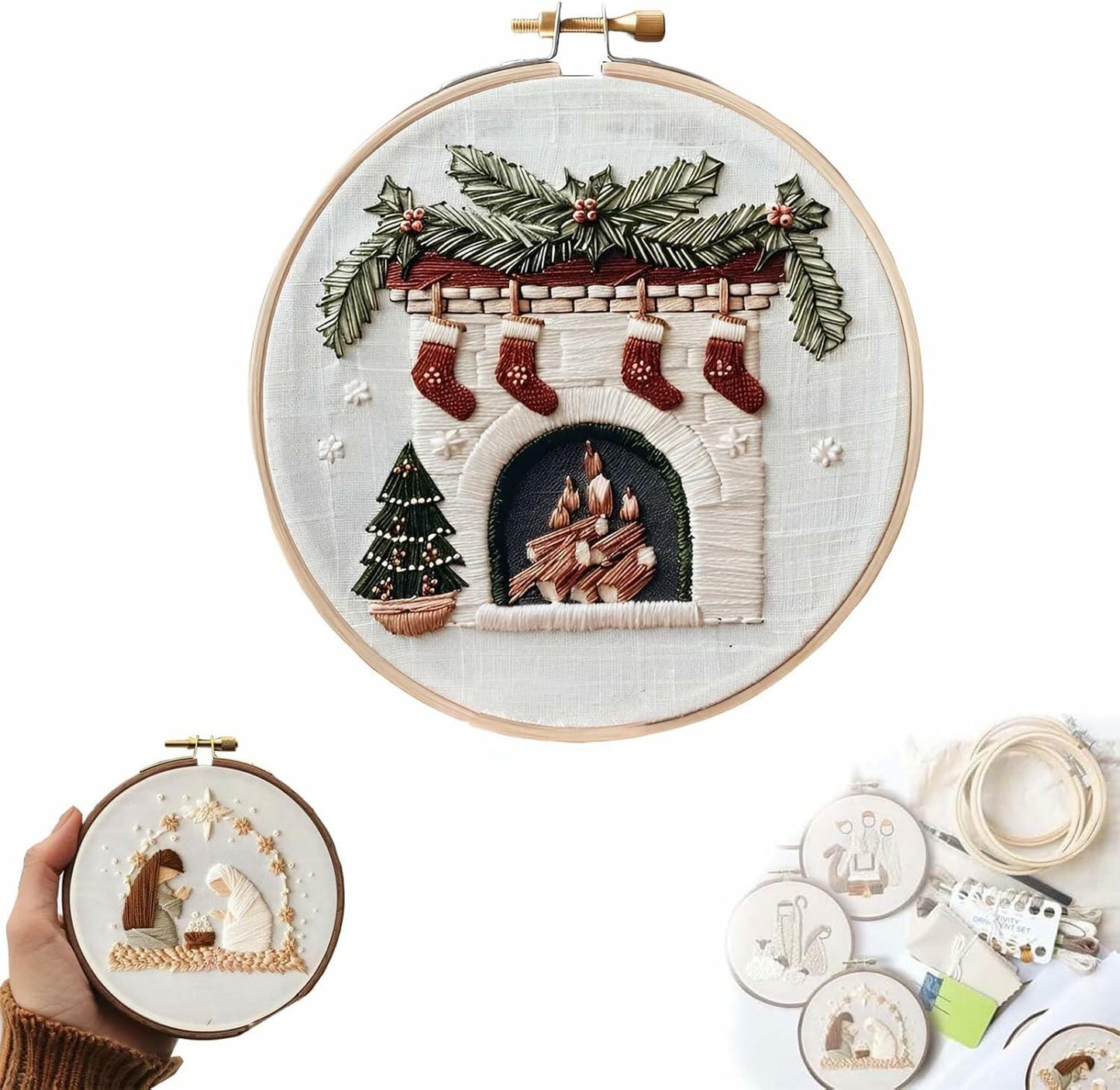 OVLADA Christmas Embroidery Kit DIY Adults&Kids Starter Stamped Pattern White A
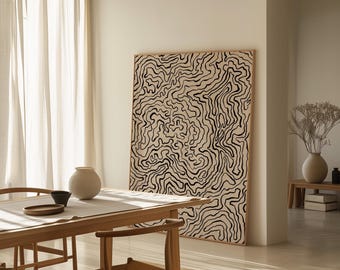 Beige Black Abstract Lines Printable Wall Art - Continuous Line Minimal Design, Modern Neutral Room Decor | 1091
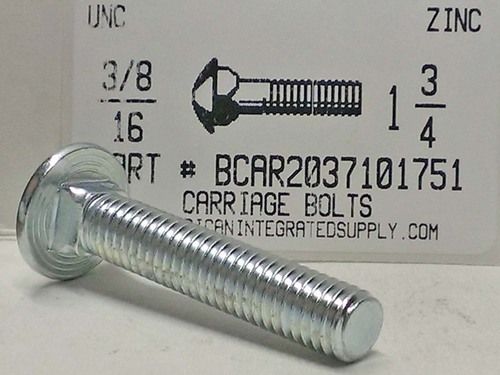 3/8-16X1-3/4 CARRIAGE BOLT FULLY THREADED A307 STEEL ZINC PLATED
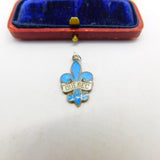 Sterling Silver Enamel Quebec Feathers Charm Pendant Vintage c1970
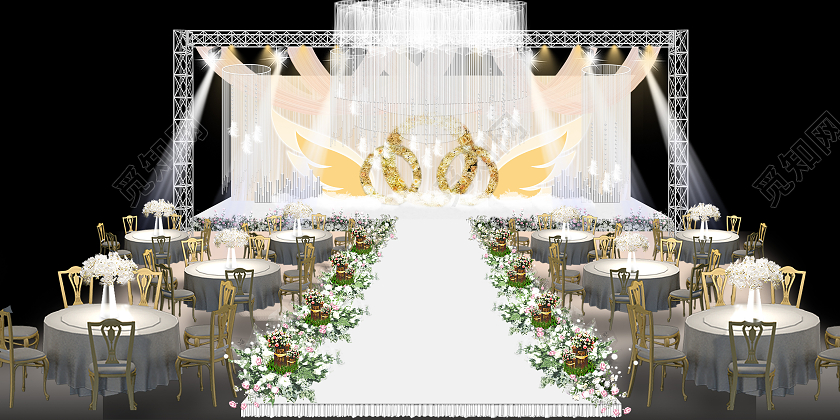 简约银色大气浪漫唯美婚礼现场布置效果图香槟色婚礼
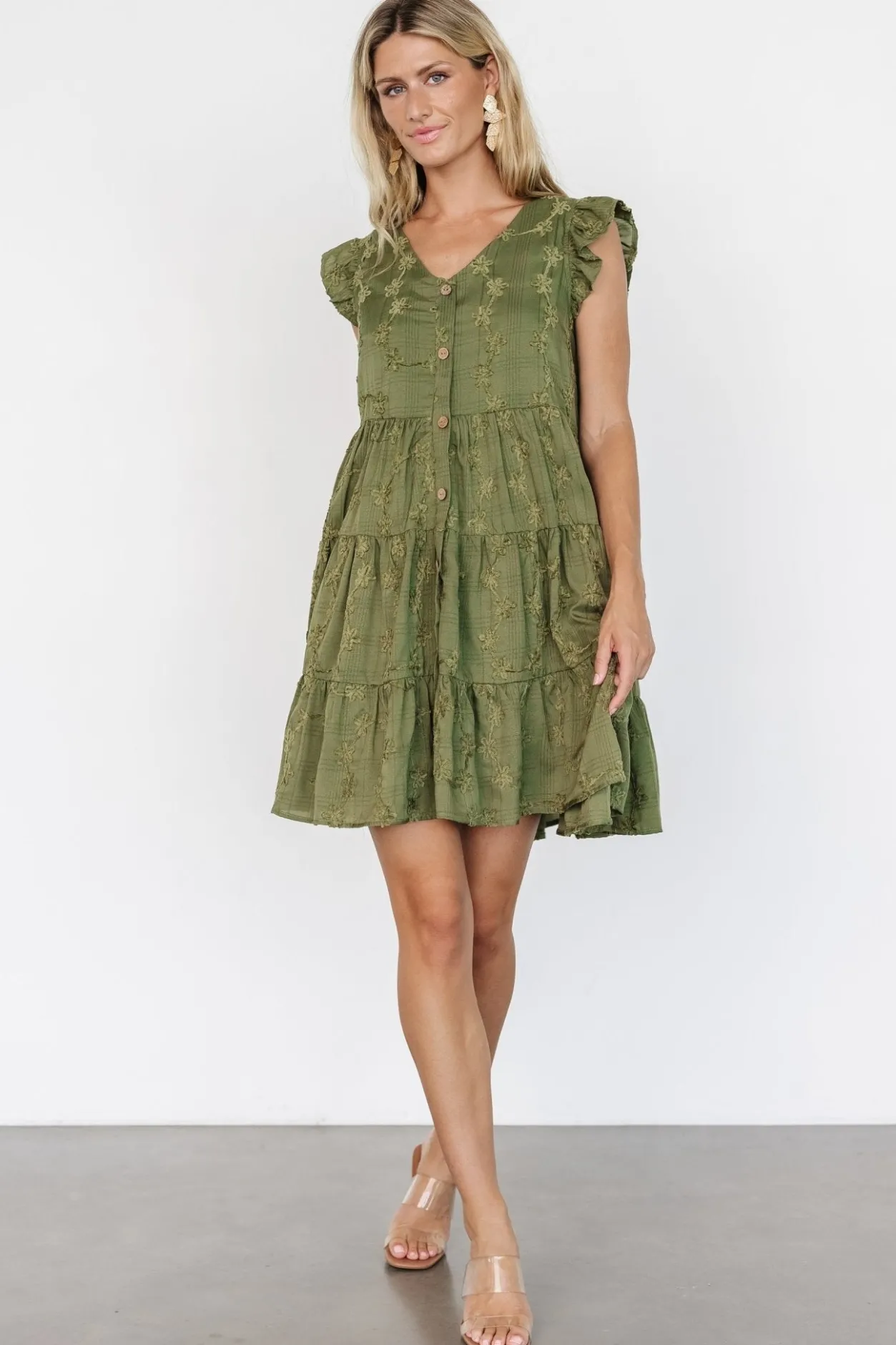 New Baltic Born Kayla Button Up Short Dress | Olive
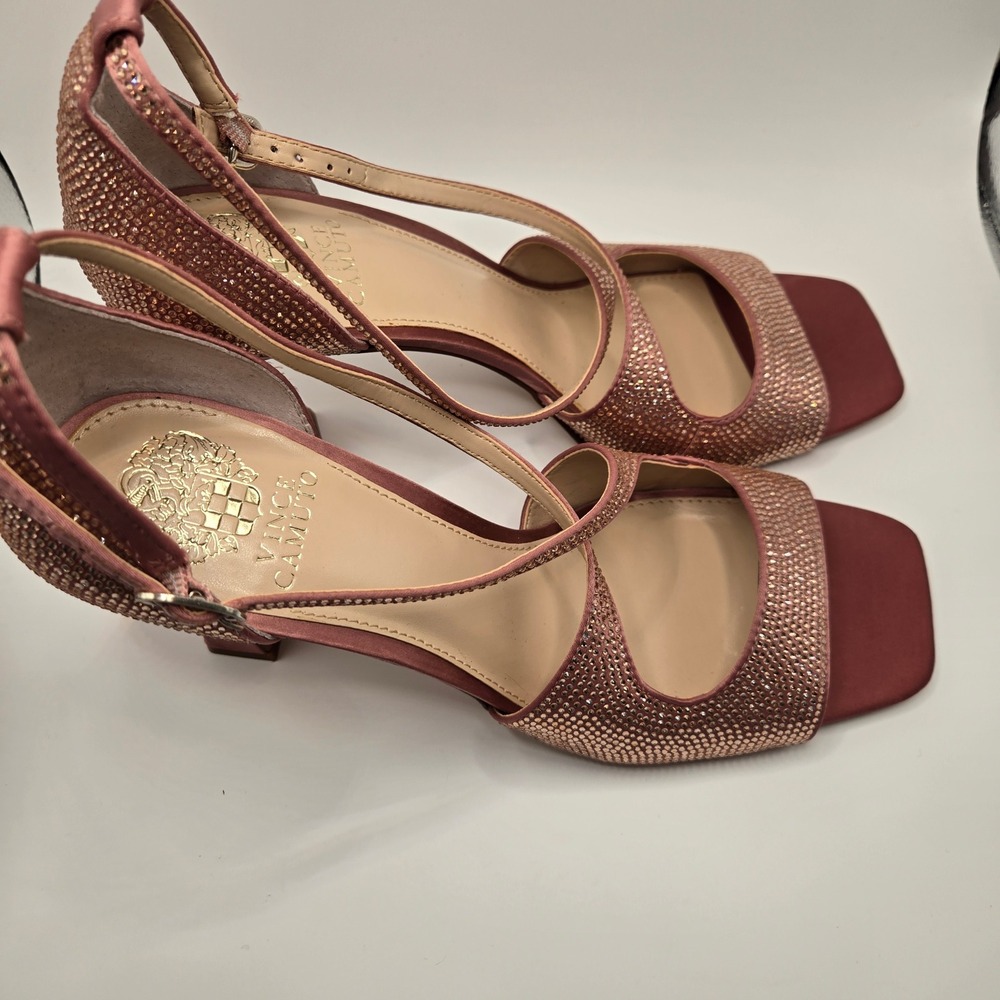 Vince Camuto Pink Rhinestone satin heels Womens 11M Flared Heel ankle strap(S10) - Picture 7 of 13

Exercise: With pictures excluded, copy exactly the lines from the line containing "Sterling Silver Enamel" through the last line of the listing above, both ends included.

Task answer:
 Sterling Silver Enamel Quebec Feathers Charm Pendant Vintage c1970
 简约银色大气浪漫唯美婚礼现场布置效果图香槟色婚礼
 New Baltic Born Kayla Button Up Short Dress | Olive
 Vince Camuto Pink Rhinestone satin heels Womens 11M Flared Heel ankle strap(S10) - Picture 7 of 13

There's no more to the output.